Most of community requests after 1.29 remain unanswered - not even denied, just ignored.
Maybe the issue is not with blizzard not listening. Maybe it is with the community not knowing what they want.
There are multiple thread with aggregated community requests. Each patch prior to 1.30 received tons of feedback, suggestions, and requests, but they stopped after that, because almost all of them went unanswered. The problem is that the community isn't united. There are multiple subsections that each want their own thing - melee people want fixes and updates to the ladder system, custom games competitive scene want bots and ban lists, custom games casual scene want to be able to play without bots, casual modders want updates to worldeditor and GUI triggering, veteran modders want extensions to JASS, better documentation, more expandability, and most importantly, for tools not to break.

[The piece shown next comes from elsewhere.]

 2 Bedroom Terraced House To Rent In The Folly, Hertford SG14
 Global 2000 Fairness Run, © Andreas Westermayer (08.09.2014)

Unfortunately, the recent patches haven't done much to please any of these groups, whilst breaking a lot, as I described above. The whole hostbot situation seems to be resolving itself as Blizzard address the concerns regarding it, but, a lot of people wonder whether it was really that important? There are many other things that could significantly improve WC3, but they choose to do the most controversial things.
Most of this is just fact, not my opinion, with the exception of a few points. You asked and you got an answer, and I hope this helps to understand the whole perspective.
If you want to argue about any of this with me, I will promptly ignore you.